Do I recommend this? Not for a theatrical viewing. It’s so meandering that you’ll find it a pain to sit through if you have attention issues of any sort. You’re better off waiting until the Blu-ray/VOD release when you’ll have the ability to pause, fast-forward, rewind, etc. It’s not particularly satisfying as a finale for this film series, either. Its lesson is not to fixate on the tragedies of your past, but it’s perfectly content to dwell on the triumphs of its own past and unintentionally remind you how much better the other movies were—well, the first three movies, anyway. There’s little here to help the film stand on its own, and so it ultimately enters and leaves without much fanfare.

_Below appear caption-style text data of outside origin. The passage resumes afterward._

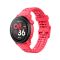 Reloj Deportivo GPS Coros Pace 3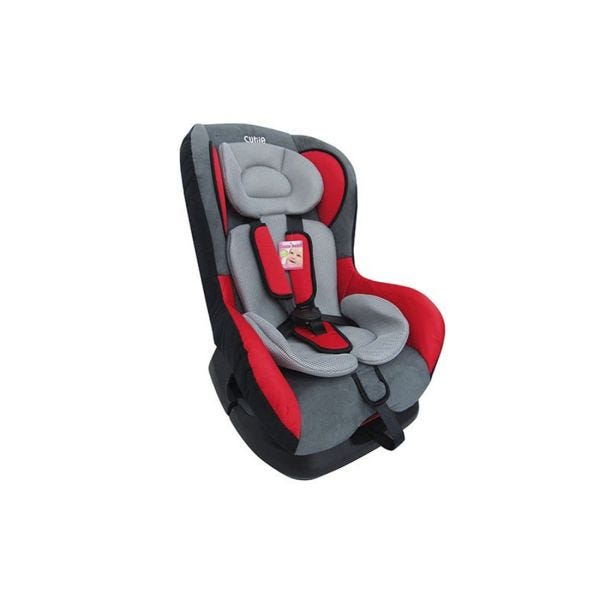 ASIENTO D/AUTO P/BEBÉ 58X46X65CM 679-L593023C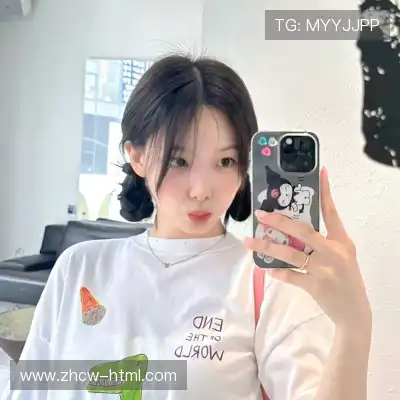 罗楚焱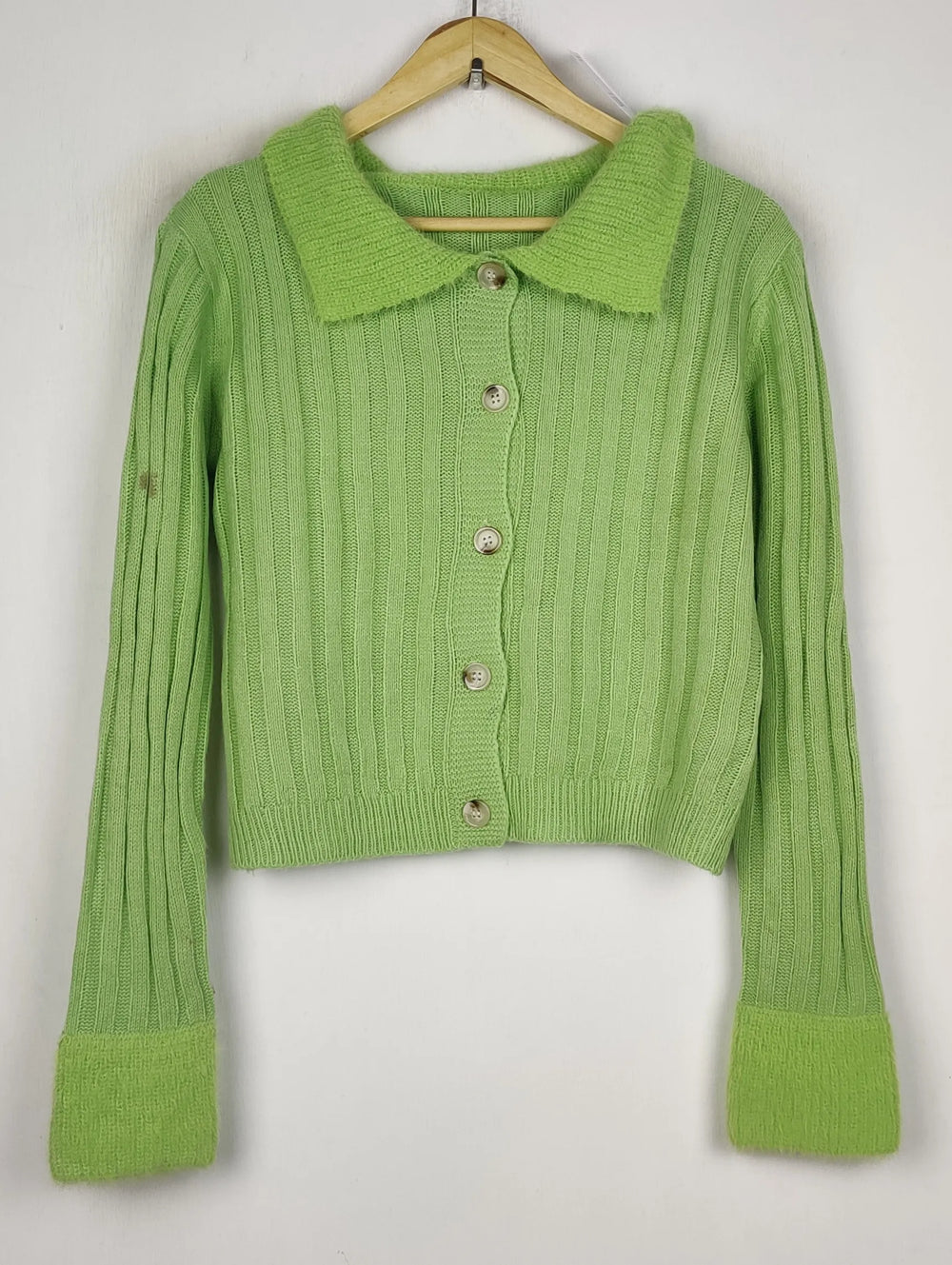 Buy online pre-used pre-loved 100% authentic & Original branded Shein (LS-17230) available in Pakistan. Top international brands avilable.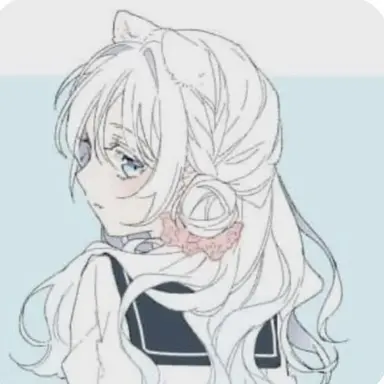 Profile image of 멜로우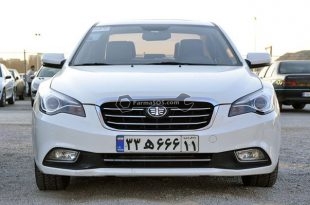 باتری بسترن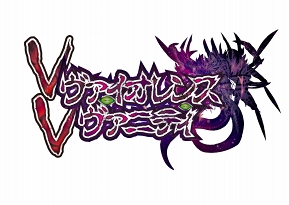 ꡼ No.007 | ֥ե塼㡼 Хǥեȡפּɥۥӡե19 Winterפ˽Ÿ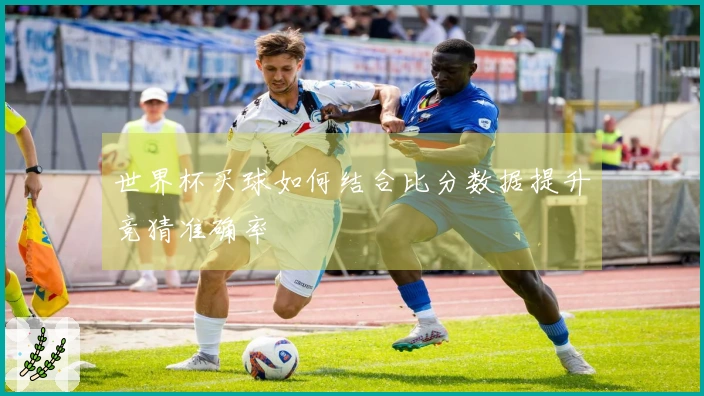 世界杯买球如何结合比分数据提升竞猜准确率
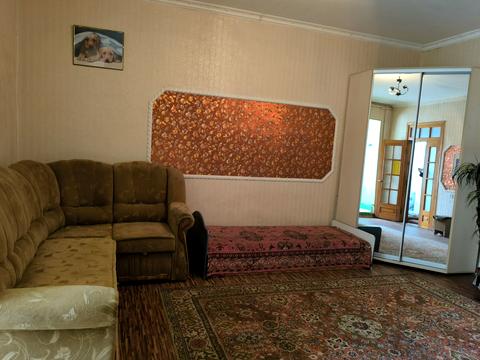 Квартира на вул. Михайлівська, 7 в Одеса, ID 167157, фото №5
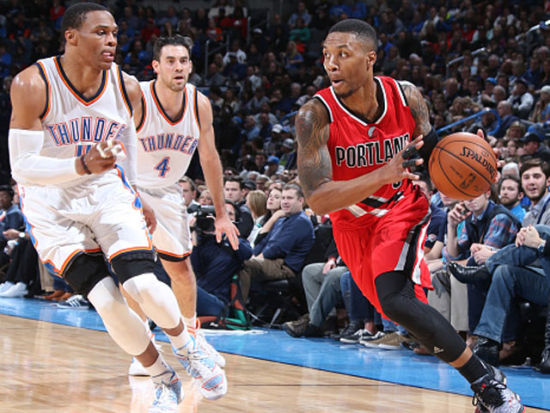 NBA视频_NBA比赛视频录像_NBA高清视频集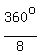 360%5Eo%2F8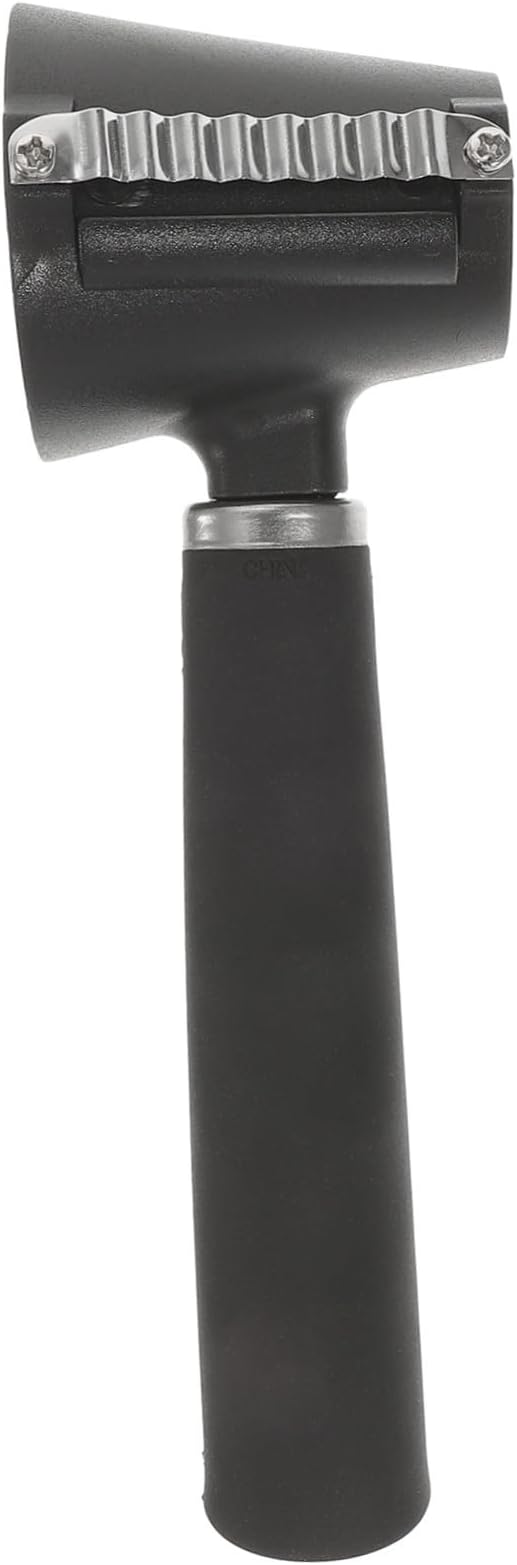 Multi-functional Vegetable Peeler Slicer Carrot Curler Kitchen Fruit Grater Tool for Potato Cucumber Apple Pear with Wear-resistant Material Compact Design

This may be Indy’s last cinematic hurrah, but it’s not the final curtain for this franchise. Bethesda Softworks of The Elder Scrolls and Fallout fame is currently collaborating with Wolfenstein studio MachineGames on an Indiana Jones RPG with a yet-unknown release date. Time will tell if it’s a worthwhile experience or not. In the meantime, I’m now genuinely excited to see what Phoebe Waller-Bridge does with the Tomb Raider reboot she’s apparently working on. Am I upset that Indiana Jones may go out with a whimper rather than a bang? Honestly, no. The original trilogy will always have its place in film history, and its legacy lies not in the two failed revivals but in the plethora of creative works that it continues to inspire. As the eponymous hero himself might say, “That belongs in a museum.”
…And it reinforces my hardline stance that the true heir to this franchise will always be The Adventures of Tintin, a film that society as a whole should feel shame for ignoring back in 2011. Yes I will die on that hill, thank you very much.
Indiana Jones and the Dial of Destiny is in theaters now, and I will be back with more stories and articles later.